‘Stranger Things 2’ Review: Netflix Series Returns Bigger And Badder [Opinion]

Netflix seems to have hit gold once again with Stranger Things Season 2. The second installment of the series was positively received worldwide.

According to Variety, Stranger Things Season 2 broke the record on Twitter for the most tweeted streaming show. More than 3 million tweets were blasted about the show during its opening weekend alone.


Stranger Things 2 still has that nostalgic feel people loved about the first season and the pacing is still perfect. The town of Hawkins is relatively the same. At the beginning, everyone in town — except for the main characters, and to a certain extent, their families — seem unchanged.

However, even the setting changes by the end of the second season, with the townspeople not really feeling safe in Hawkins anymore due to the “gas leak” from the lab. The story takes familiar elements from the first season and takes them a bit further so everything still progresses.

For instance, take the conflict. The main problem is still the Upside Down and the Demogorgon. Stranger Things 2 takes it to a whole other level by making the gate and the Demogorgon bigger — not to mention the Demodogs, who act like henchmen for the big bad. The stakes were much higher this season, too, which felt like the right move to make going forward with the series. For example, you could argue that Will is in a worse position this season. Being possessed by a Demogorgon is probably a much crueler fate than being lost in the Upside Down. Plus, Will goes through this experience in his world, a place he is supposedly safe from the creatures of the Upside Down.

The plot and its progression gave audiences the same interesting and fun story to watch, however, the series as a whole felt like it lost some of its elements of surprise. It seems like the Duffer brothers really took in some of the questions, theories, and comments fans had about the show and placed them in the second season seamlessly. The Duffer brothers introduced another child like Eleven, gave Barbara’s character proper closure, and tied up other loose ends that fans wanted to be cleared up. Thus, the second season sort of feels like it was tailor-fit to give fans what they asked for and not really trying to do more than that.

Overall, the plot of Stranger Things Season 2 sort of seems like fan service, but that doesn’t necessarily mean it’s bad. After all, it wouldn’t be here if it weren’t for the fans.


Character Development

The most prominent difference in the Netflix series is seen in the characters of the show and how their lives and personalities have changed. There are a lot of characters to go through, so we’ll just cover Eleven, Max, and Will because they seemed to have more of an impact for viewers.

Eleven’s character develops quickly and quite sporadically throughout the series. The most overt changes can be seen in Eleven.

While El knows a bit more about the world outside the lab, she still doesn’t know enough. We can see throughout the series how difficult it is for her to live a normal life. Her one chance at normalcy, Mike, is quickly brushed aside in Eleven’s storyline when Millie Bobby Brown’s character sees him with Max.

The telekinetic preteen’s background story is already pretty sad, and it doesn’t seem like it will be all candy and rainbows anytime soon.
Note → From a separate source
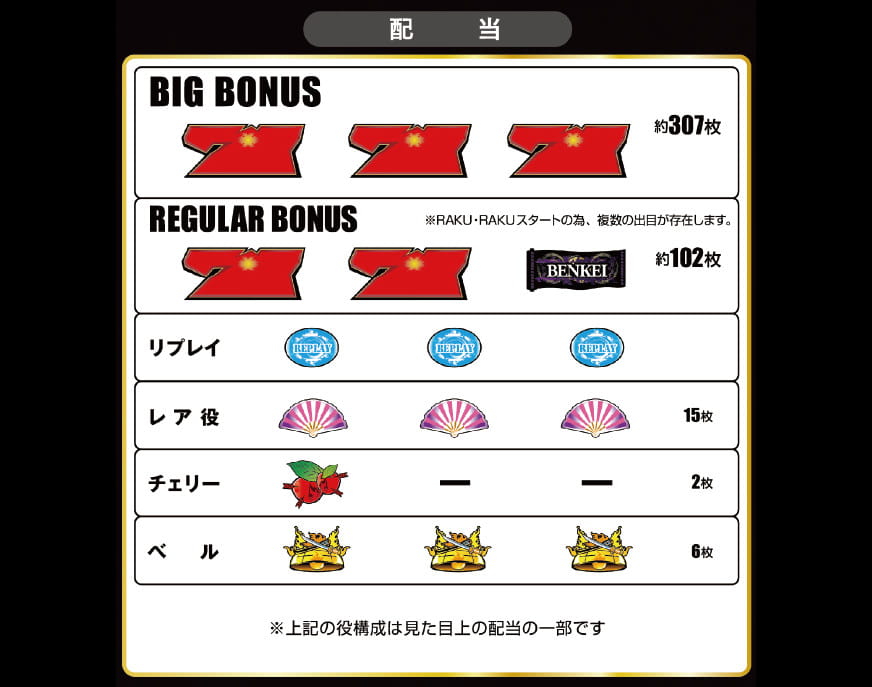 配当　BIG BONUS約307枚、REGULAR BONUS約102枚※RAKU-RAKUスタートの為、複数の出目が存在します。　リプレイ　レア役15枚　チェリー2枚　ベル6枚　※上記の約構成は見た目上の配当の一部です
Eleven wants to know where she fits in society, and Season 2 looks like it is only the beginning of her journey.

Meanwhile, Max introduces a foil to Eleven’s character, similar to how Lucas is a foil to Mike. Max is everything Eleven was to the boys in Season 1, albeit less strange and a little less complicated.

Madmax is a different type of girl. She’s not like the other girls the boys have met, like Eleven. The girl from California and the boys have a lot of things in common, like playing arcade games. Max also seems to understand the nerd references the boys make during their conversations.


The difference between the two girls is what makes their dynamic so interesting. Madmax is in the realm of normalcy. She can like everything the boys do and give them a normal life, while Eleven is the embodiment of the world the boys escape to in their games, like D&D.

Finally, there is Will. Slate magazine called Noah Schnapp, the actor who plays Will, the MVP of Stranger Things 2, and there is no other way to put it. Schnapp’s character showed a lot of different aspects to Will this season.

In the first season of Stranger Things, we never really saw the dynamic Will had with the other boys. But the second season shows how each boy contributes to the group or their party.

Will does seem to be the more thoughtful one in the group. With his added trauma, Will seems to be mature, but not necessarily mature enough to lead the group. Will is mature in a rational sense. He’s the mediator, the one who the boys turn to for advice when they are in a disagreement. This is seen in his relationship with Mike, who takes more of a leader-role in the group. Mike and Will’s relationship is similar to King Arthur’s relationship with Merlin.

Once again, the Duffer brothers were able to weave an intricate story for Stranger Things 2. Given the ending of the second season and its popularity, Netflix will likely produce a third season to conclude the series. In the meantime fans will just have to sift through fan theories and rewatch Seasons 1 and 2 of Stranger Things.